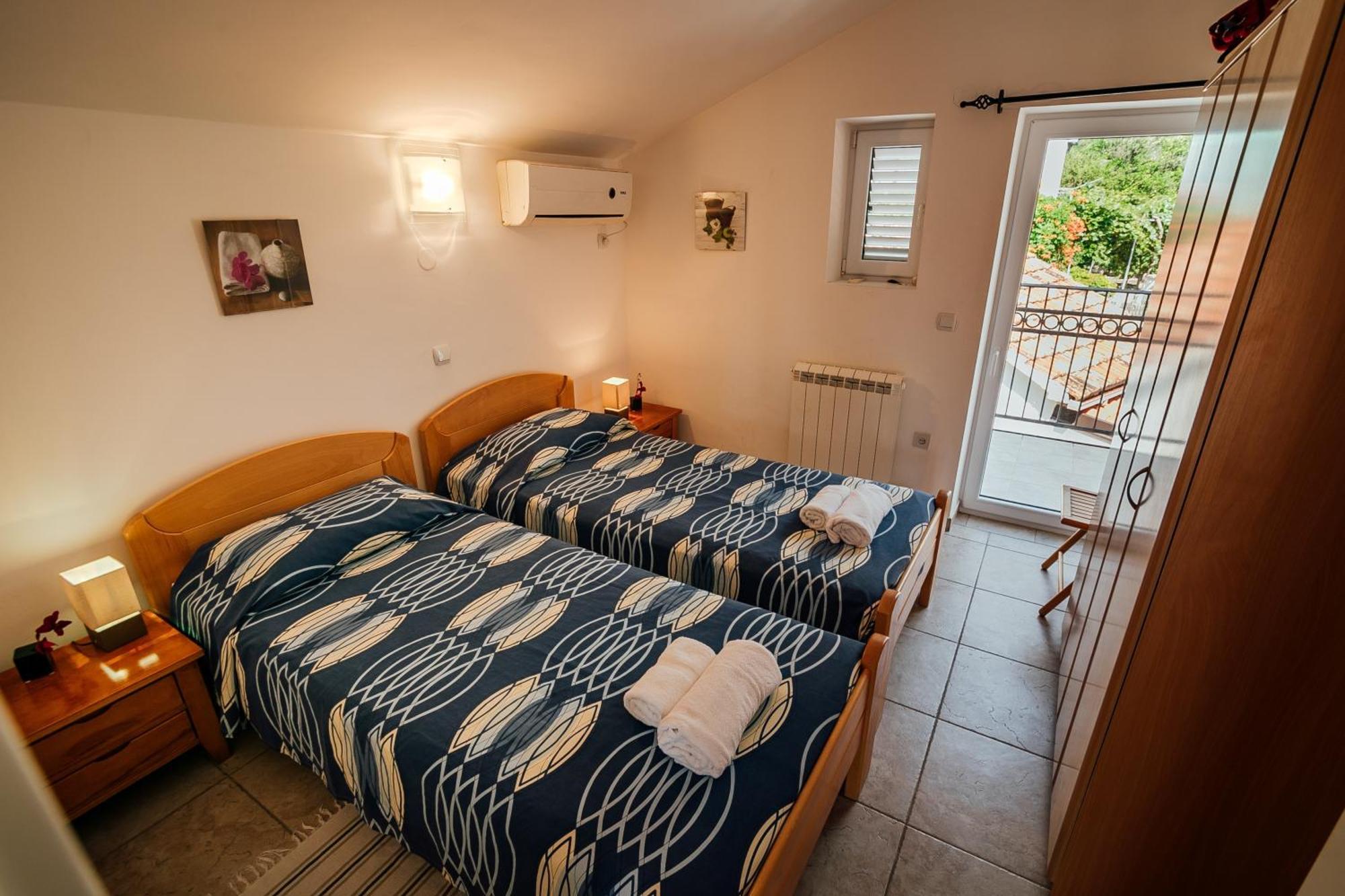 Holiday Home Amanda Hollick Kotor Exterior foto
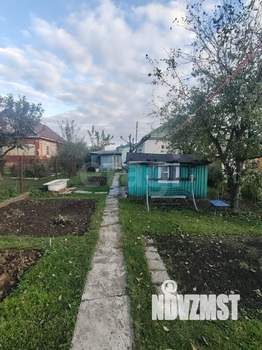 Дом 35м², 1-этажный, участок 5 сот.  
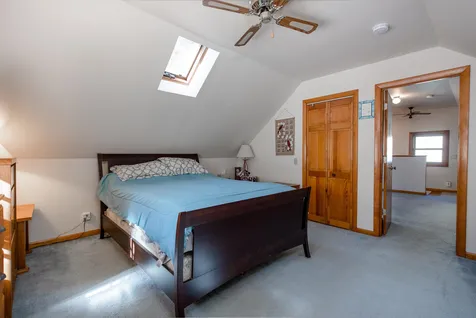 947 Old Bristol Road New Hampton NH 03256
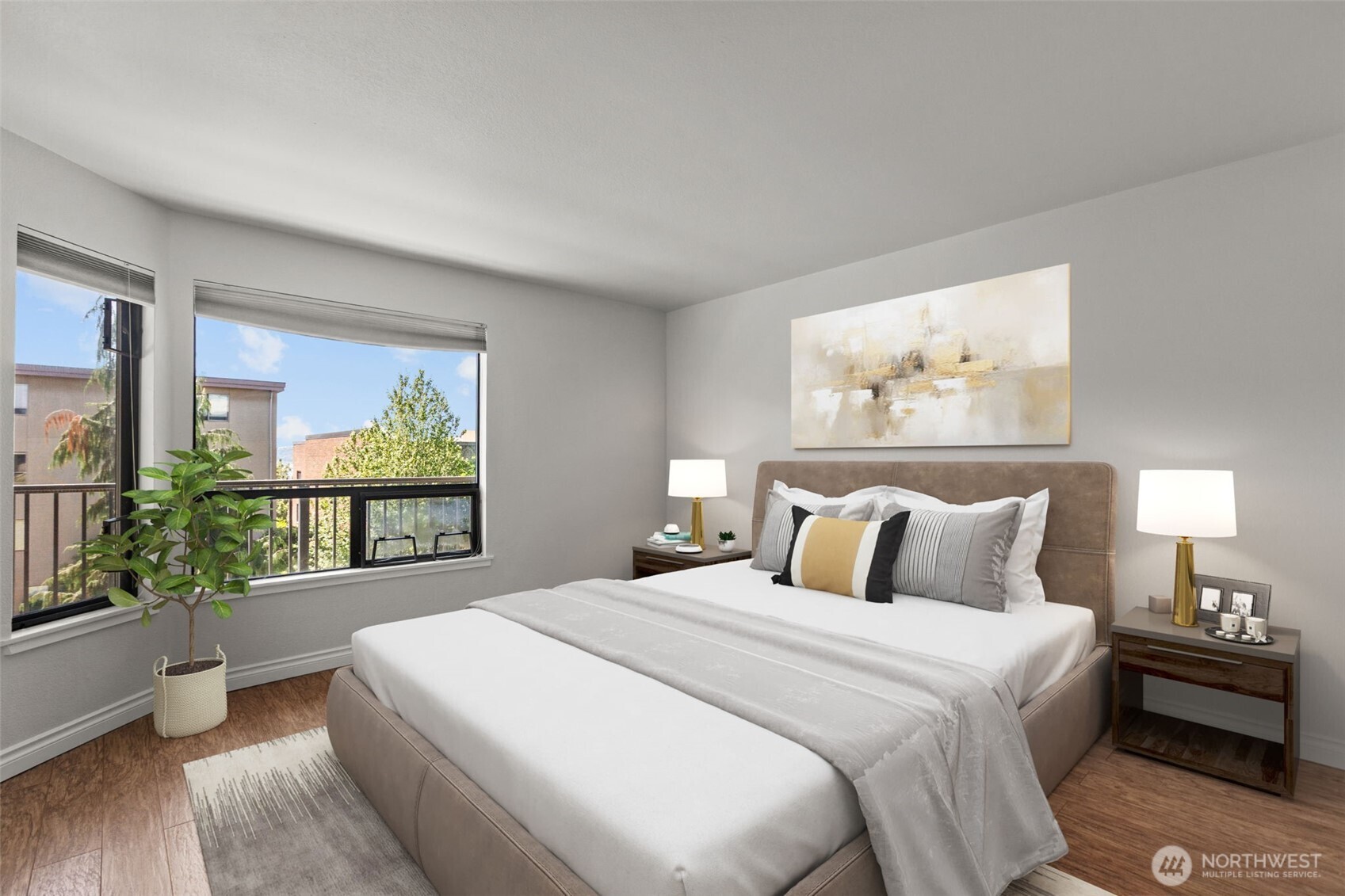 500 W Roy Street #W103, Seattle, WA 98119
========
**Required work**.
Your answer should be every line above, written out exactly, with no pictures.

**Task output**.
 Holiday Home Amanda Hollick Kotor Exterior foto
 Дом 35м², 1-этажный, участок 5 сот.  
 947 Old Bristol Road New Hampton NH 03256
 500 W Roy Street #W103, Seattle, WA 98119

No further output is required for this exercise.